Brief descriptive captions
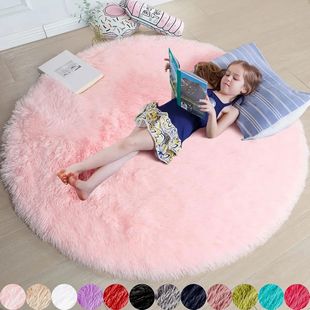 Pink Round Rug for Girls Bedroom,Fluffy Circle Area Rug for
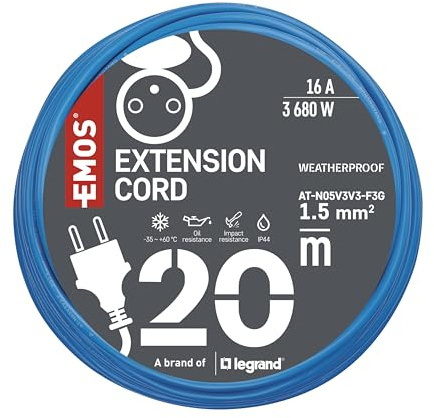 EMOS Cavo di prolunga antigelo e infrangibile, 20 metri, standard francese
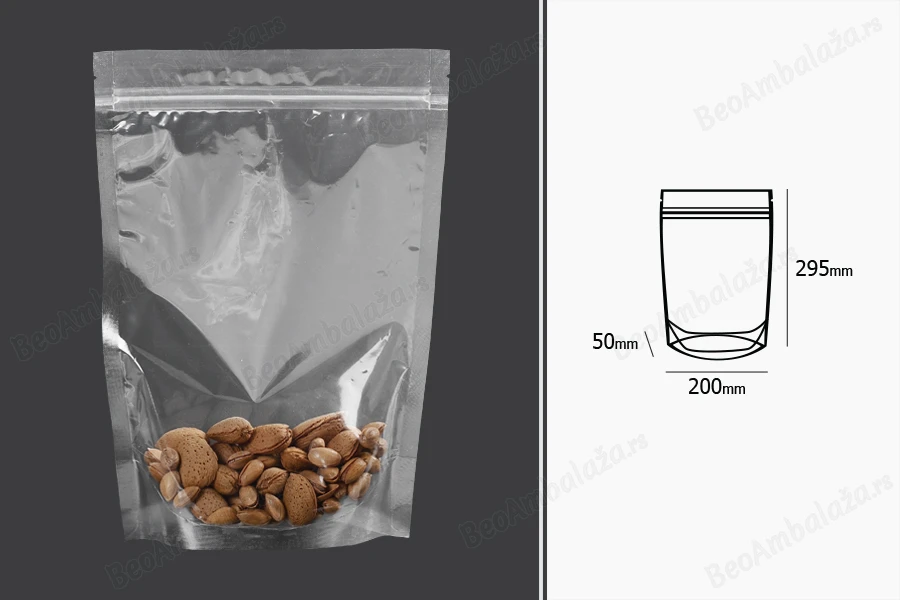 Providne DoyPack kesice sa zip zatvaranjem, ovalnim dnom i sa mogućnošću termo zatvaranja 200x50x295mm - 100 kom-dimenzije_slike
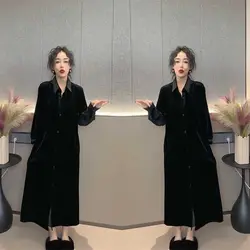 Lazy Fashion Women 2024 New Autumn and Winter Shirt Collar Single-breasted Loose Velvet Style Dress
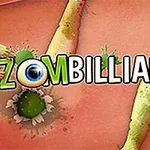 Tiêu đề Zombilliards với hình ảnh những cánh tay và đầu lâu của zombie xung quanh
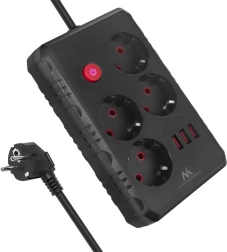 MACLEAN MCE392 túlfeszültségvédett hosszabbító, 4 aljzat és 3× USB, 1,5 m, fekete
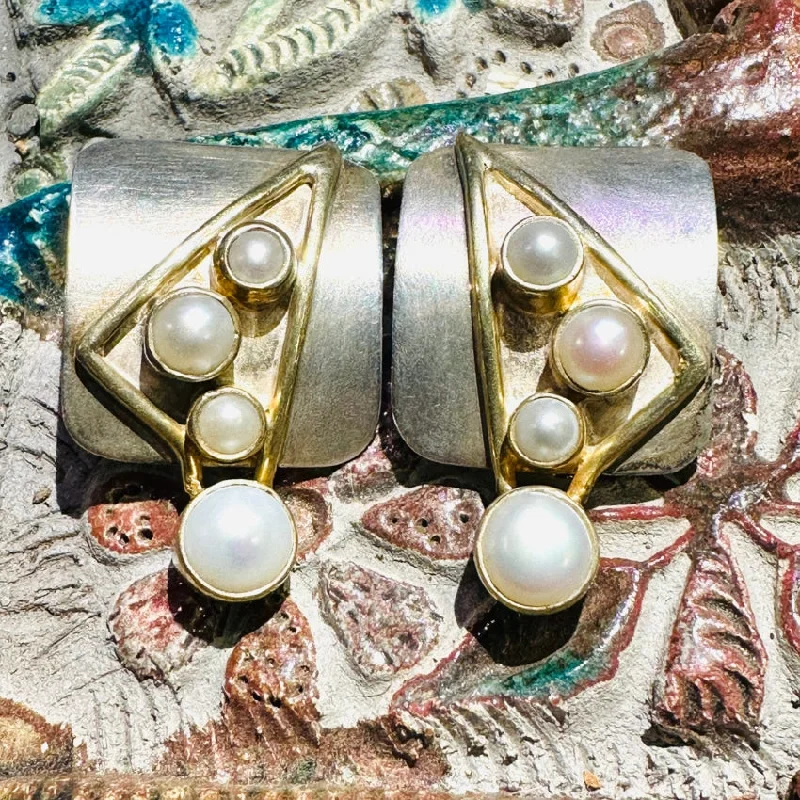 Vintage Artisan Sterling Silver Gold Plate Fresh Water Pearl Pierced Earrings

Task instructions –
Repeat the entries exactly and keep the pictures out of the copy.

Reply –
 Pink Round Rug for Girls Bedroom,Fluffy Circle Area Rug for
 EMOS Cavo di prolunga antigelo e infrangibile, 20 metri, standard francese
 Providne DoyPack kesice sa zip zatvaranjem, ovalnim dnom i sa mogućnošću termo zatvaranja 200x50x295mm - 100 kom-dimenzije_slike
 Lazy Fashion Women 2024 New Autumn and Winter Shirt Collar Single-breasted Loose Velvet Style Dress
 Tiêu đề Zombilliards với hình ảnh những cánh tay và đầu lâu của zombie xung quanh
 MACLEAN MCE392 túlfeszültségvédett hosszabbító, 4 aljzat és 3× USB, 1,5 m, fekete
 Vintage Artisan Sterling Silver Gold Plate Fresh Water Pearl Pierced Earrings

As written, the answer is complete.